Wisata Sumsel
Pasar Burung Palembang, Kisah di Balik Kebakaran dan Munculnya Wak Maman
Pasar Burung di Jalan Masjid Lama, Keluruhaan 17 Ilir, Kecamatan Ilir Timur I, Palembang bisa menjadi pilihan tepat untuk Anda para pencinta burung.
Editor:
Mohamad Yoenus
Laporan Wartawan Sriwijaya Post/Yandi Triansyah
TRIBUNNEWS.COM, PALEMBANG - Anda pencinta hewan peliharaan, seperti burung, kelinci atau ikan?
Nah, Pasar Burung di Jalan Masjid Lama, Keluruhaan 17 Ilir, Kecamatan Ilir Timur I, Palembang bisa menjadi pilihan tepat untuk Anda kunjungi.
Boleh dibilang ini adalah satu-satunya pasar yang menyediakan koleksi burung, ikan hias hingga kelinci di Kota Palembang.
Mengapa dinamakan pasar burung?

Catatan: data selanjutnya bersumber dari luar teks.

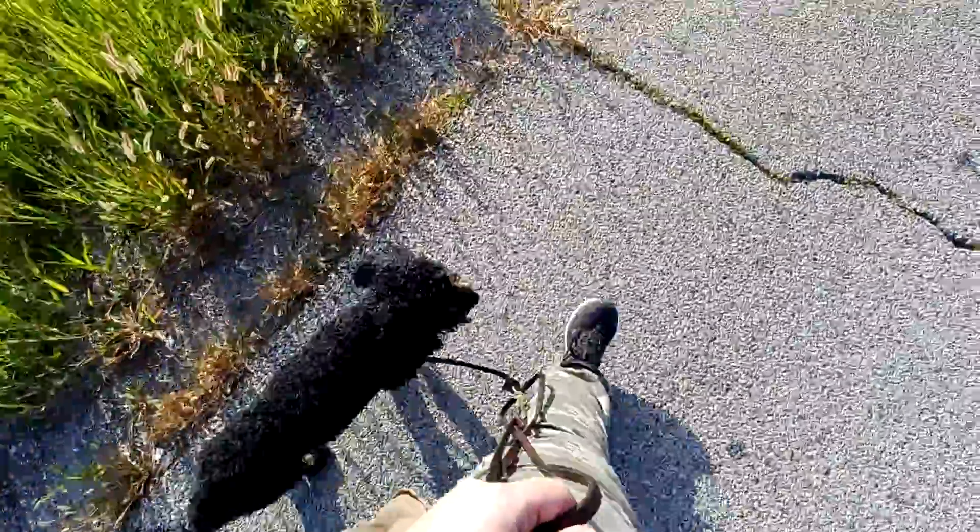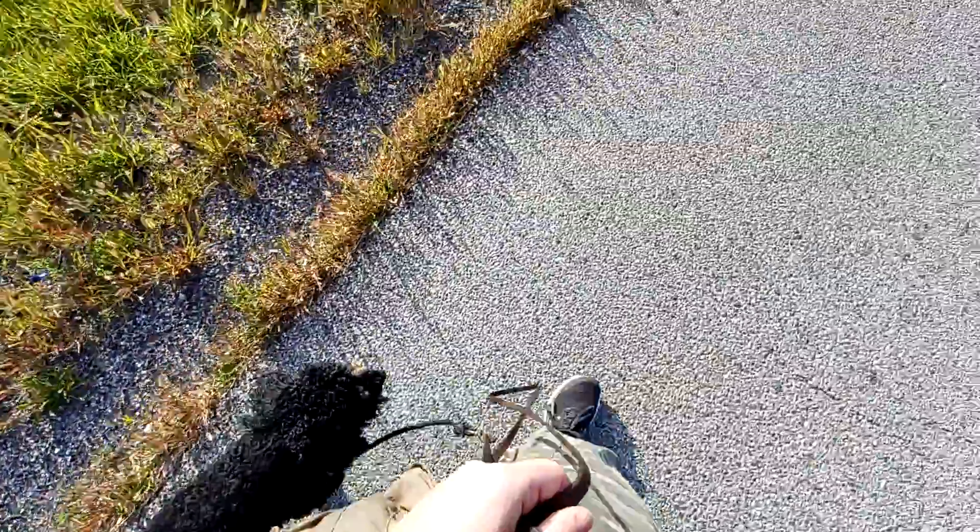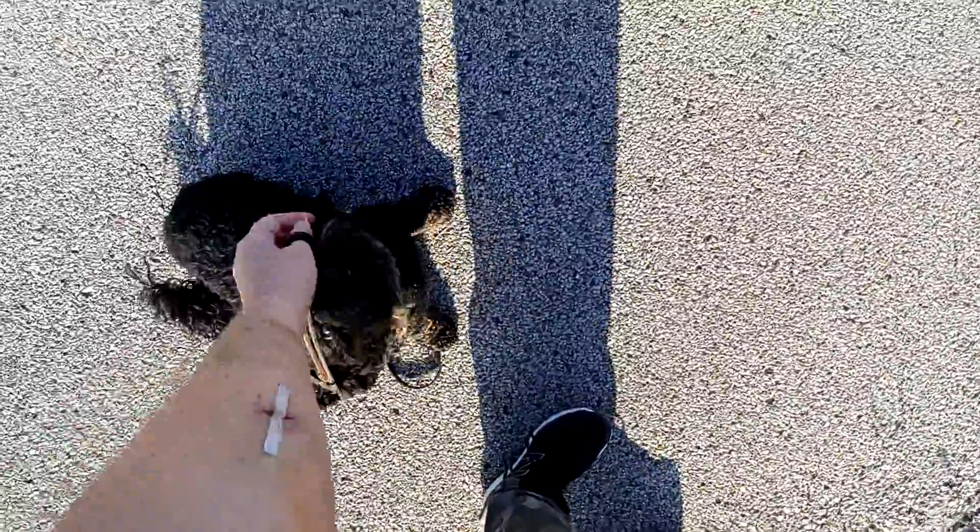So when I'm going to change direction, I'll tell him heel again so he knows that a direction change is coming. Heel. Good boy, Finn! Now he should walk at your pace rather than you walking at his pace. There's a lot of distractions going on right now and he's doing really good. Sit! And that is loose leash walking with Finn!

Menurut para penjual burung yang sudah puluhan tahun ada di sana, ceritanya cukup panjang.

Anak kecil melihat ikan di Pasar Burung Palembang. (Sriwijaya Post/Igun Bagus Saputra)
Tragedi kebakaran tahun 1965 di Palembang membuat ratusan rumah dan bangunan lainnya di sekitar kawasan 16 dan 17 Ilir hagus terbakar.
Konon kejadian itu memang disengaja, karena di kawasan tersebut akan di bangun jalan.
Ratusan kepala keluarga kehilangan tempat tinggal dan terpaksa mendirikan tenda pengungsian di sekitar lokasi.
Tak lama dari peristiwa itu, salah seorang warga menjual burung di kawasan tak jauh dari lokasi kebakaran.
Warga tersebut biasa dipanggil Wak Manan.
Perlahan, warga sekitar mulai semangat menata hidup dengan mengikuti jejak Wak Manan, berjualan burung.

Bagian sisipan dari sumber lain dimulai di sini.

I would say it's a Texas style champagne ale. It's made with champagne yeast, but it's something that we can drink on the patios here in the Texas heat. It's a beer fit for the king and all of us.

Berbagai jenis ikan hias dijual di Pasar Burung Palembang. (Sriwijaya Post/Igun Bagus Saputra)
”Begitulah awal ceritanya,” kata Mang Zul, seorang pedagang burung yang dianggap paling senior dan lama berjualan disana.
Saat ditemui di lokasi tempat ia berjualan burung, Selasa (9/5/2015), Mang Zul mengaku sudah 30 tahun berjualan di sana.
Ia pun masih ingat betul saat rumahnya hangus terbakar.
Saat itu, usiannya baru sekitar 10 tahun.
Menurut dia, dahulu burung masih dihargai satu ekornya Rp 60 atau Rp 150 untuk sepasang.
Jumlah uang tersebut terbilang banyak pada zaman itu, sehingga ia terepincut ikut berjualan burung.
Sebelum penjualan satwa di larang di tempat ini ia juga menjual koleksi burung dari Hongkong.
Namun seiring adanya larangan, tidak ada lagi burung impor.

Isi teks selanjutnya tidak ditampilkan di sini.